Aim of the task: Leave out every picture, and output exactly the lines from the line containing "A jar of homemade" through the last line of the data.

Supplied data:

# # # #

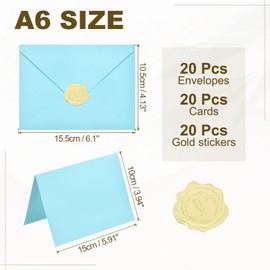 PATIKIL 20Pack Light Blue 4x6 Envelopes with Cards, V Flap A6 Envelopes with Cardstock & Gold Stickers for Greeting Cards Wedding Greeting Birthday Invitations Letter Mailing
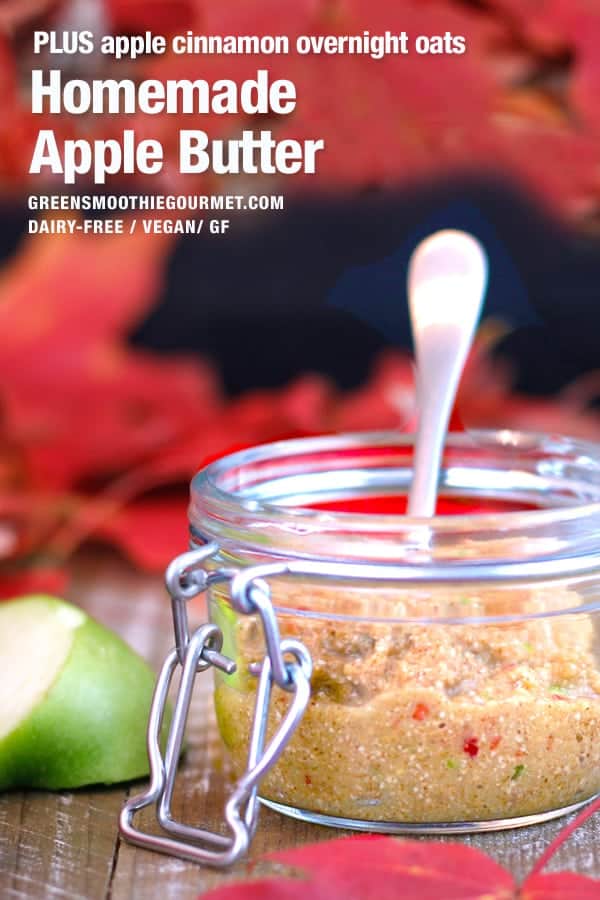 A jar of homemade apple butter with red leaves all around.
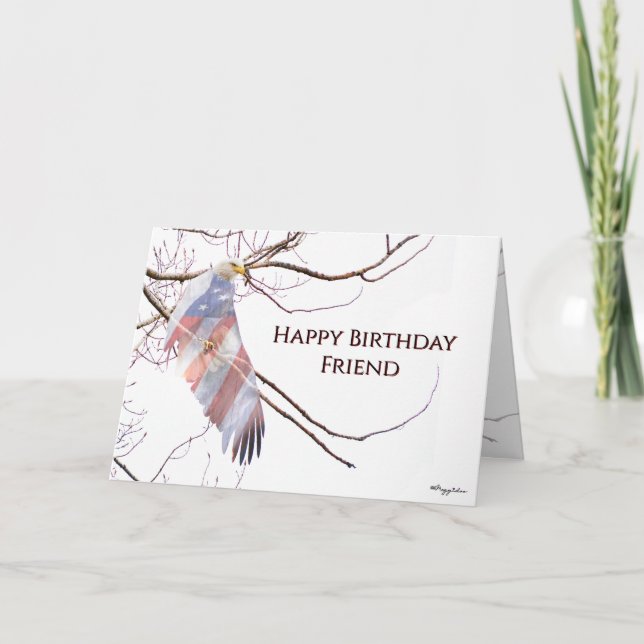 Tarjeta Patriotic Bald Eagle Happy Birthday (Anverso)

# # # #

Answer for this exercise:
 A jar of homemade apple butter with red leaves all around.
 Tarjeta Patriotic Bald Eagle Happy Birthday (Anverso)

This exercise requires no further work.